First published: Wed, 02 Sep 1998 16:48:35 GMT

National Semiconductor's Cyrix subsidiary and IBM Microelectronics are dissolving their long-standing manufacturing and licensing partnership.

The companies will announce, perhaps within the next month, that Nat Semi will take over all Cyrix chip manufacturing from IBM sources said. In addition, they said, IBM will stop selling its brand of the Cyrix 6X86MX processor.

The news comes as Nat Semi ramps up manufacturing of Cyrix processors in its own fabrication facility in Portland, Maine. Sources said the company was eager to put its new state-of-the-art fabrication plant(often called a fab) to use and merge its chip design and process teams.

A new fab with new process equipment can cost up to $2bn (£1.22bn). Moreover, companies stand to lose money every day a fab sits idle or runs at low capacity. And that's money Nat Semi can ill afford to lose. Citing several problems, Nat Semi last month reported a loss of over $69m (£42m) for its fiscal fourth quarter. At the close of market Tuesday, its stock was trading below $10, a far cry from its 52-week high of $42.87.

For several years, the fabless Cyrix paid IBM to build its processors in the latter's Burlington, Vermont, facility. The deal also called for IBM to take 50 percent of the Cyrix chips and market them under its own label. In the beginning it was a good deal for IBM, which didn't own an X86 core and didn't have an entry-level desktop offering but it wasn't so great for Cyrix. IBM frequently undercut Cyrix' prices, which made it difficult for Cyrix to win deals with PC makers. Additionally, having separate design and process teams (which work for different companies in different locations) meant that advancements often could not be implemented immediately.

Other sources cited IBM's growing frustration with the arrangement because it did not have the flexibility to alter Cyrix designs or implement any of its own unique manufacturing processes to improve the performance and efficiency of IBM-branded processors.

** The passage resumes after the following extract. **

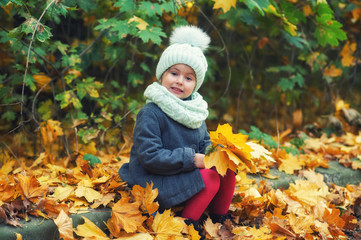 Autumn portrait of a little girl on a walk in the Park . Child in hat, coat and scarf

Despite the loss of the 6X86MX, IBM has big plans for the low-end X86 market, sources said. For example, it may look to "system on a chip" designs based on X86 cores from STS Microelectronics, they said.

An IBM spokesman in the US said the company's relationship with Nat Semi and Cyrix is currently unchanged and declined further comment.

Officials at National Semiconductor, in the US declined to comment.